The introduction of the Faster Payments Scheme in the UK in 2008 enabled phone, internet and standing order payments to move quickly and securely, almost at the touch of a button, 24 hours a day. While this had positive benefits on both vendors and consumers it unsurprisingly led to increases in online banking fraud losses.
In the past year wire fraud incidents alone have led to million dollar losses at institutions in multiple locations and industry experts to speculate that an attack could potentially have a systemic impact on a major financial institution in the near future. Financial crime has become an arms race between banks, risk managers and criminals. Financial institutions must have robust prevention and detection strategies in place in order to protect both themselves and their clients against this threat.
In addition, the explosion of access channels in payments– through online, mobile, apps and increasing transaction volumes have escalated the rate of false positives from standard fraud detection rules.
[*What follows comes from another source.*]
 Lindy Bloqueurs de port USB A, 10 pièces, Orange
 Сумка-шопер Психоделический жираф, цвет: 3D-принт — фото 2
This places an additional burden on institutions as more time has to be spent conducting additional research and checks before approving or denying a transaction, reducing operational efficiency and driving up costs.
The Defence Tools
Leading the fight against payments fraud is Big Data analytics which play a critical role in helping institutions adapt their existing crime-fighting strategies to meet the techniques of fraudsters. Real-time analytics to detect crime have now become essential to combat fraudsters who are using rapidly evolving attack scenarios, exploiting multi-channel vulnerabilities and compromising payments systems on an expanded scale.
Strategies to combat financial crime today are, in many ways, similar to the approaches employed by financial institutions when digital payments were first introduced years ago. Predictive analytics have long been a powerful weapon in the fight against criminals, and variations of other financial crime fighting techniques – behaviour monitoring, network analysis, pattern recognition and profiling – have been key components of banks’ fraud detection strategies for decades. But today, Big Data is changing the game.
While banks have been employing these strategies for decades, what Big Data has done is to enable banks to deploy real-time analytics on a massive scale to meet these growing threats. Big Data analytics systems can also integrate data from external sources, helping to create a much bigger picture of the customer and their behavior. Financial fraudsters are becoming increasingly sophisticated and daring, raising the potential for serious disruption to the entire financial system. Financial institutions must have effective, real-time crime detection analytics in place.
The Defence Strategy
To meet the financial crime risks that could accompany real-time payments, institutions must implement a financial crime risk management strategy that employs a multi-faceted analytic approach to detecting and mitigating financial crime. A range of techniques are used to detect financial crime but the core of any analytics system is built around behavioural profiling. By profiling and tracking the behaviour of an individual account from initial client onboarding, through to transaction monitoring and customer management, it becomes possible to detect unusual account activity. A combination of behavioural profiling, real-time detection scenarios and predictive analytics provides the most accurate results. Big Data enables financial institutions to provide these services on a scale that simply wasn’t possible even five years ago.
The stage at which an institutions’ fraud prevention and detection systems will flag a transaction as potentially fraudulent depends on the risk profile of the individual or organisation involved and the defences that financial institutions have in place at any point in time need to be flexible enough to react to evolving typologies of financial crime. Such rapid change requires technologies, models and solutions that can be focused on preventing specific fraud attacks. What’s more, financial institutions must be empowered to effect this change themselves based on their changing risk exposure.
Financial institutions must be able to demonstrate to their customers and shareholders that they can manage the risks arising from payments fraud and other types of financial crime. They must be able to demonstrate to customers that they have adequate safeguards in place to protect both confidential information and financial assets. They must also be able to demonstrate to regulators that they have robust systems in place to prevent financial crime. Big Data analytics tools which combine behavioural profiling, real-time detection scenarios and predictive analytics are fast becoming the industry standard, enabling banks that employ these tools to make informed and accurate decisions quickly and flexibly.